- _What to work on_
From the records below, please print only the lines from the one containing "Image of Nescafe" through the one containing "Butterfly Pendant Necklace", both included. Skip the pictures.

- _Input_
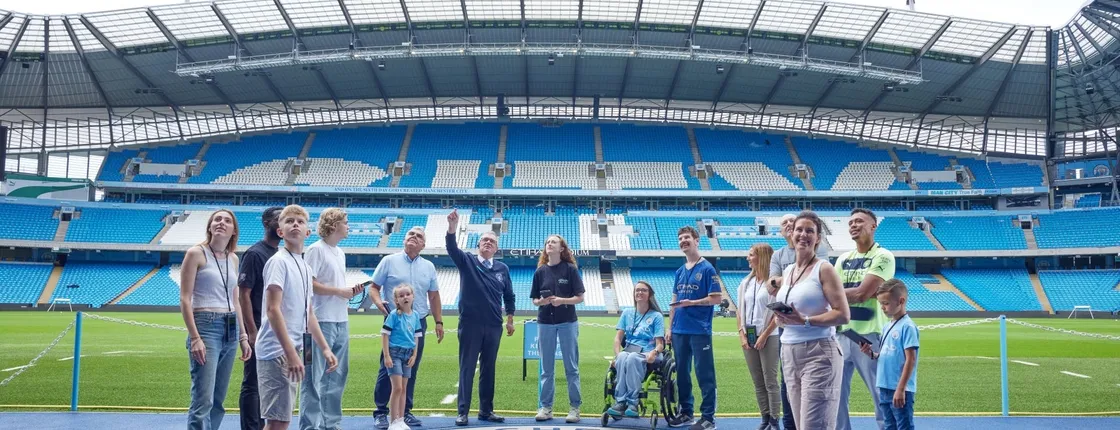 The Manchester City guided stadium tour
--
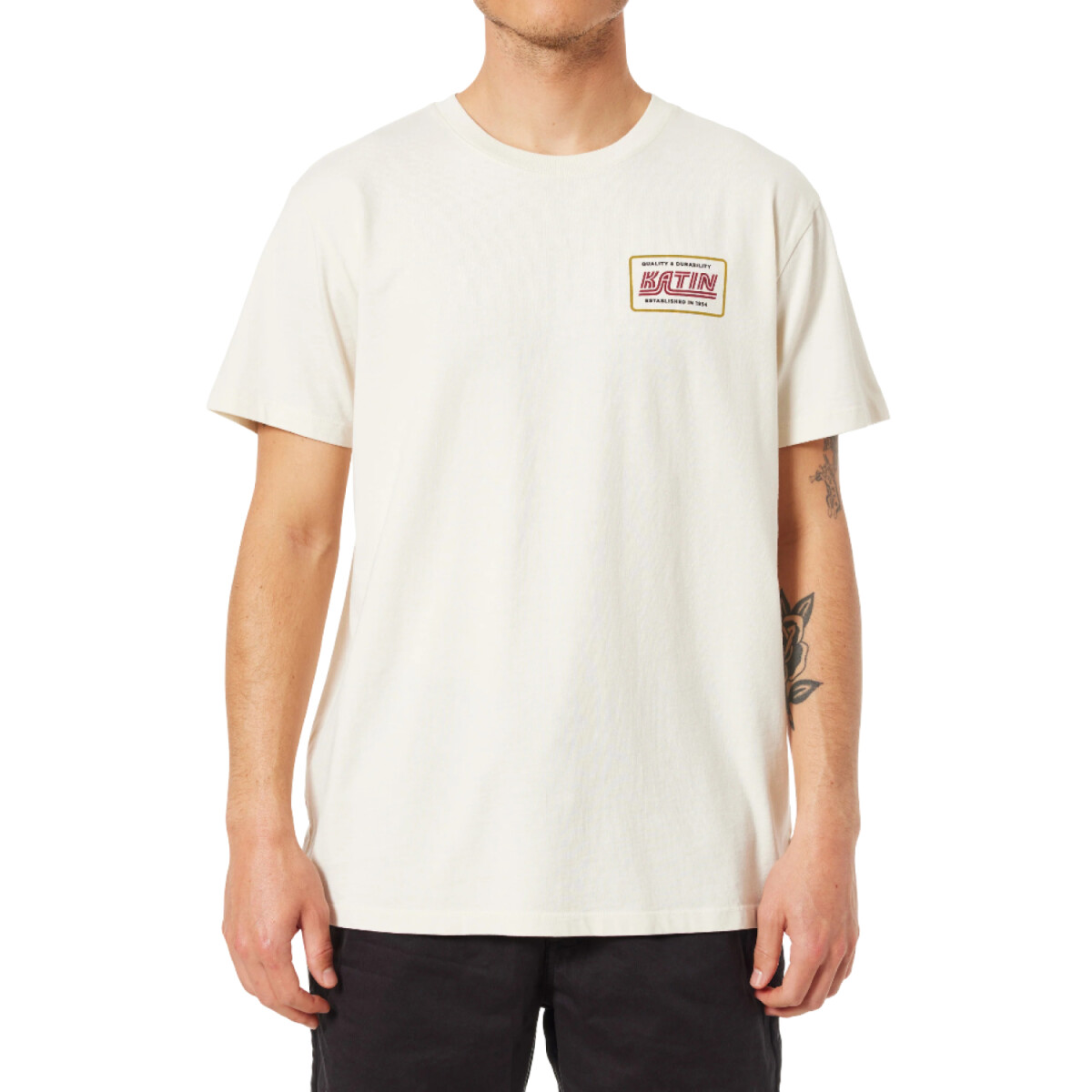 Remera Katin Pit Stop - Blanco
...
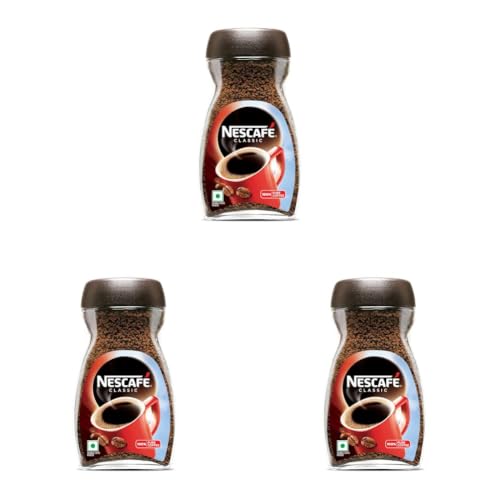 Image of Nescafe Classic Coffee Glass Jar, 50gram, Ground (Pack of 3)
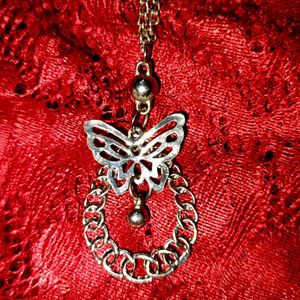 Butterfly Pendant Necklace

- _Response box_
 Image of Nescafe Classic Coffee Glass Jar, 50gram, Ground (Pack of 3)
 Butterfly Pendant Necklace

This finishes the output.